I must assume that decompression is not important within your use case?
@Adenilson the design of the gz format does not lend itself to parallel decompression. Therefore, for multiple testing multiple cores, I really focused on compression times. At typical compression levels (e.g. 6), Gzip is much slower to compress than decompress. A modern format like zstd is MUCH faster at decompression than Gzip. Obviously, for situations like sharing images on the web, a file might be compressed just once on upload, and downloaded many times. In this case, using an extremely slow variant of Gzip like Brotli makes sense. In my field (neuroimaging) we read GZ NIfTI images at the beginning of each stage of processing and write a GZ NIfTI at the end of each stage (e.g. FSL, AFNI). Likewise, my dcm2niix project reads typically raw DICOM data and writes GZ data. Therefore, due to the fact that we have a one-to-one read/write ratio, the fact that GZ is much slower to write, and the fact that GZ writing can be done in parallel made this the focus of this exercise.

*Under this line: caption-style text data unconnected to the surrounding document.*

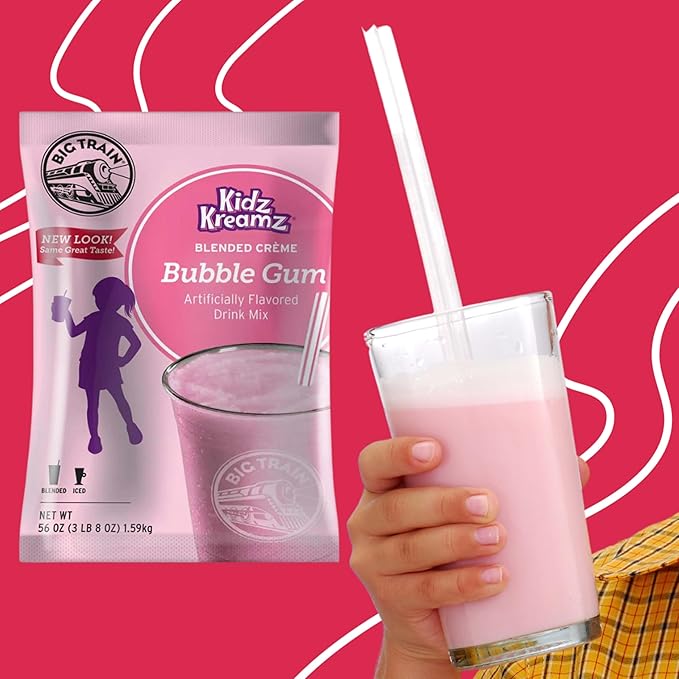 Big Train Kidz Kreamz Bubble Gum Blended Beverage Mix, 3.5 Pound (Pack of 1)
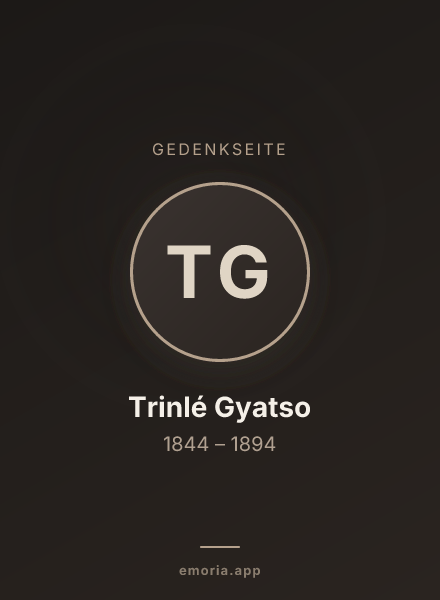 Gedenkportrait von Trinlé Gyatso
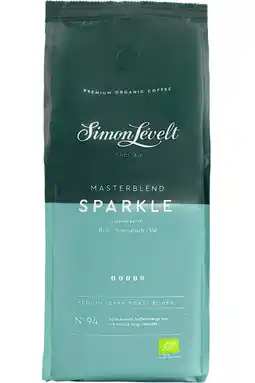 PLUS Simon Lévelt Sparkle koffiebonen biologisch aanbieding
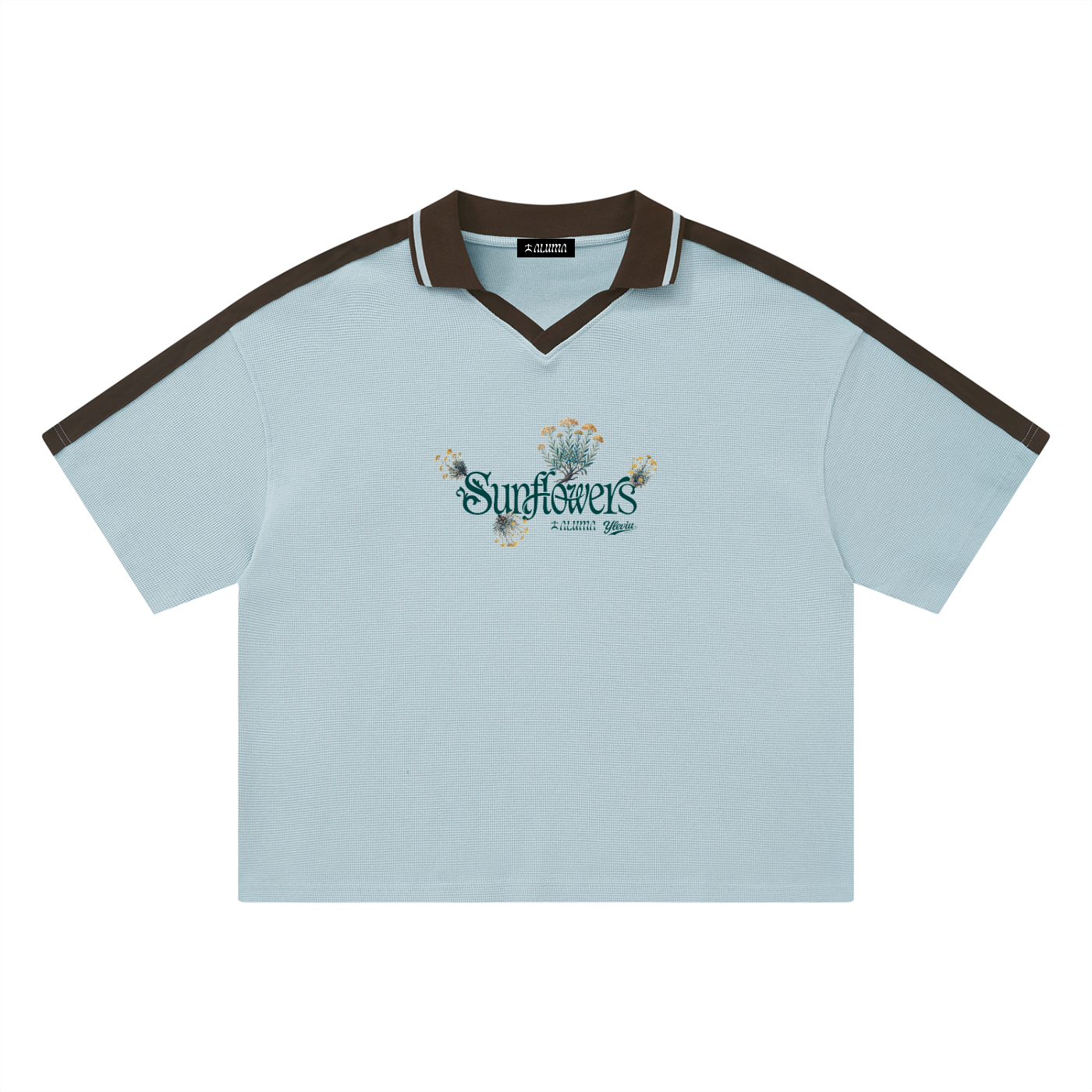 ALUMA | POLO COLOR BLOCK 330G "SUNFLOWERS"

Feel free to extend the pigz-bench to look at decompression. The 4verify.sh
script could easily be extended to check speed, the current design was just to ensure accuracy.
@Adenilson I have added a decompression benchmark 5decompress.sh. For using on ARM, one needs to comment out the lines in 1compile.sh that create the Intel zlib (which does not support ARM). This benchmark attempts to address criticisms by @sebpop regarding testing decompression. Specifically, each method tested contributes compressed files (at different compression levels) to the compressed corpus, so all methods are benchmarked decompressing the same files. On x86-64, the zlib-ng does really well, reflecting their focus on accelerating decompression. In contrast, CloudFlare developed their fork of zlib for their use case of compressing data on the server side.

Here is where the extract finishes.